Ne cherchez pas dans ce récit de l’action, il s’agit là uniquement de sa vie quotidienne partagée entre les soins aux animaux, journaliers, détaillés, des cultures pour sa survie et celles des bêtes mais aussi de ses états d’âme au fil des jours et des saisons. Pas d’action mais pourtant un réel plaisir de lecture à suivre cette femme chercher des solutions, s’adapter à son environnement et ne pas trop s’attarder sur ses sentiments. Elle les évoque mais elle se refuse à tout apitoiement.
Elle fait appel à ses souvenirs d’enfance pour retrouver les gestes de la vie rurale : traire, faucher, planter etc…. Il y a une relation très profonde qui la lie à la terre mais aussi aux animaux, ils sont pour la plupart dépendants d’elle et lui apportent l’affection, l’attachement et sûrement la volonté de ne pas se laisser aller au désespoir, ils deviennent d’ailleurs des personnages à part entière.
C’est une narration d’un seul tenant, reprenant dans une écriture féminine, douce, jamais angoissée, les étapes de sa vie. J’ai été touchée par la résignation dont elle fait preuve, elle n’affiche jamais une colère sauf lorsqu’on touchera à ce qu’elle a de plus précieux : ses animaux. Le temps n’est plus à la colère, le temps est à la survie.

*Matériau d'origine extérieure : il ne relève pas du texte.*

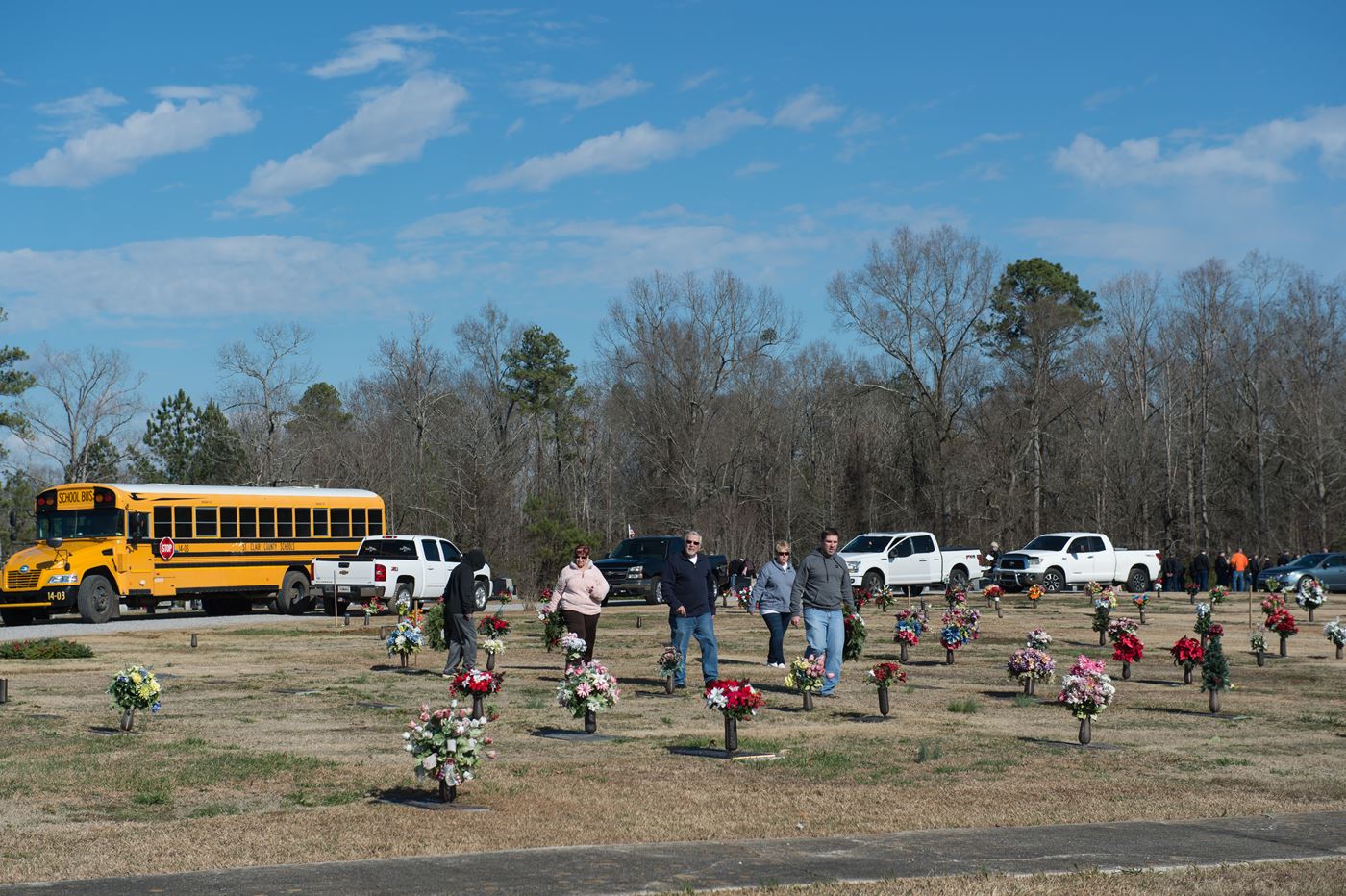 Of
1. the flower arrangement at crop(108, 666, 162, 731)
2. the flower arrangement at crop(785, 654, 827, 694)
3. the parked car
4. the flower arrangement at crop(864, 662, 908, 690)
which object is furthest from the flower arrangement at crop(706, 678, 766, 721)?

C’est un roman dans lequel l’amour transpire malgré tout : amour de la nature, beauté des paysages, cycles des saisons mais aussi et surtout amour partagé avec les animaux qui partagent son quotidien. Tout est décrit avec précision mais sans lourdeur, sans ennui, on pose le livre, on le reprend et on est immédiatement replongé dans cet univers pastoral.

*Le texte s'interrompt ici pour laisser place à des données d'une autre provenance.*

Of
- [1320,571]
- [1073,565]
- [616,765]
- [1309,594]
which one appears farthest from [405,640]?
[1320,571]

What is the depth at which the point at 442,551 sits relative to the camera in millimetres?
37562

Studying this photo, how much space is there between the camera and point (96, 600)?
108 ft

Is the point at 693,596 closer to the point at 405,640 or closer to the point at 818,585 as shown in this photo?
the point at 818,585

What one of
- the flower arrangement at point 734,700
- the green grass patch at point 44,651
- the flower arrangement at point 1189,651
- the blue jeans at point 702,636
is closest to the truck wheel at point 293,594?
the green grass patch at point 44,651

Comment ne pas penser à un Walden  de H.D. Thoreau, au féminin,  mais avec beaucoup plus de fluidité dans l’écriture et surtout une solitude totale, non voulue donc subie et totalement inexpliquée.

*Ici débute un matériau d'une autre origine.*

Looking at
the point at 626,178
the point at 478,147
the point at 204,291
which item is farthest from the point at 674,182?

C’est une magnifique ôde à la vie, malgré tout, ce n’est ni triste, ni gai, c’est simplement la vie dans sa plus simple expression, dans la recherche permanente d’une survie, de l’instinct primaire mais avec une attention portée aux comportements des animaux, à leur signification mais aussi à l’attachement qu’elle leur porte :
J’en ai assez de savoir d’avance que tout me sera enlevé. Mais ce temps n’arrivera pas, car aussi longtemps qu’il y aura dans la forêt un seul être à aimer, je l’aimerai et si un jour il n’y en a plus, alors je cesserai de vivre. Si tous les homes m’avaient ressemblé, il n’y aurait jamais eu de mur (…) Aimer et prendre soin d’un être est une tâche très pénible et beaucoup plus difficile que tuer ou détruire. Elever un enfant représente vingt ans de travail, le tuer ne prend que dix secondes. (p187-188)
Elle évoque également la folie des hommes, du monde et j’ai parfois été surprise qu’elle ne soit pas plus anéantie, en particulier par l’éloignement de ses filles (ou peut-être leur mort). Il y a une sorte de douce résignation à accepter le présent tel qu’il est, à vivre le quotidien sans trop penser à hier ni à demain, même si parfois le doute s’installe. C’est presque une attitude philosophique, revenir à l’essentiel sans penser à ce qui ne peut être changé.
En une nuit, ma vie passée et tout ce à quoi je tenais m’avaient été volés de façon mystérieuse. Tout pouvait arriver puisqu’une telle chose était possible. Naturellement, on m’avait inculqué à temps assez de discipline et de raison pour que j’étouffe dans l’œuf des excès de ce genre. Mais je ne suis pas sûre que ce comportement soit normal ; peut-être que la seule réaction normale à ce qui est arrivé aurait été de sombrer dans la folie. (p217)
Il n’y a ni intrigue, ni dénouement et pourtant c’est une bulle d’humanité, d’éloge de la vie, pour toute vie même, un voyage dans l’inconnu et où pourtant tout est d’une beauté🧡Coup de 🧡 pour le roman graphique de Rebécca Dautremer chez Editions Tishina….. Adaptation du roman Des souris et des hommes de John Steinbeck….. Une splendeur. La chronique est sur le blog
absolue.
Une lecture que je recommande vivement car elle est à la fois apaisante, douce, sans violence, elle amène aussi à beaucoup de questions sur nous,  sur un monde qui pourrait basculer dans un effroyable cataclysme.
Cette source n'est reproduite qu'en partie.